RMG also will continue to track other issues, such as severance payments in connection with performance failure. It will focus, too, on change-in-control-related compensation payments to executives still employed. In other words, RMG wants double triggers (i.e., qualifying termination after a transaction) rather than single triggers (i.e., only transaction closing) as conditions for paying severance and accelerating equity vesting in change-in-control transactions.
We also think RMG will continue to criticize overly generous perks, including personal use of corporate aircraft, personal security systems, car allowances, and post-retirement death benefits. It will highlight any excessive differential between a CEO's total pay and the next-highest proxy officer, which is viewed as an indicator of a lack of a CEO succession plan or a weak compensation committee.
Reformation of compensation committees
Compensation committee accountability is on the rise and will be an issue beyond 2010. The committees are more active than ever contending with human resource policy issues, such as succession planning and diversity, in addition to their normal work. Committees have been addressing performance measurement and goal-setting for some time, but the intensity is increasing. In addition, committees have new issues to address and work into their charters and calendars. One such issue is considering whether company incentive compensation plans, at all levels, contribute to excessive risk-taking by management and what the company is doing to manage and mitigate such compensation-related risk. Another is greater committee autonomy and interaction with major shareholders and their advisers because of Say on Pay.

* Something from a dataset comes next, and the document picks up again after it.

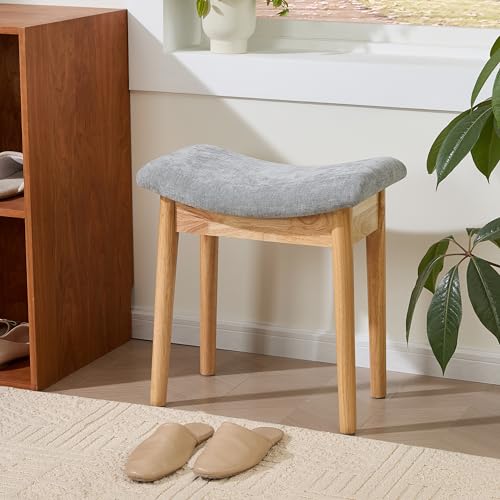 Royal Windsor Vanity Stool with Saddle Cushion, 18 Inch Makeup Vanity Chair for Living Room, Modern Foot Stool Ottoman Piano Bench,Small Upholstered Bench for Bedroom, Grey - color: 10.2"d Light Grey+wood Grain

While most compensation committees have been independent for some time, independence under pending legislation would be required to meet the standards set by the Sarbanes-Oxley Act of 2002 for audit committees. What's new for 2010 is that companies must disclose fees provided to compensation consultants advising the committees if they or their firms provide "additional services" of $120,000 or more. This has caused, and will continue to cause, companies that use full-service human resource consulting firms to go elsewhere for advice to the compensation committee on executive compensation matters—or to grapple with additional reporting and disclosure requirements if they do not.
The reformation in executive compensation practices that advanced in 2009 will continue for years to come. While it is too early to say that changes will address criticism of CEO pay and restore public trust, the reformation will significantly change how CEOs and senior executives are remunerated as well as the transparency of executive compensation. Look for greater shareholder input on CEO pay and more opposition from investors. Annual meetings will become battlegrounds for companies with outlier practices, and senior executives will have to defend their compensation more often in terms of the corresponding organizational performance. How this affects the overall amounts and structure of executive compensation in years to come is still an open question.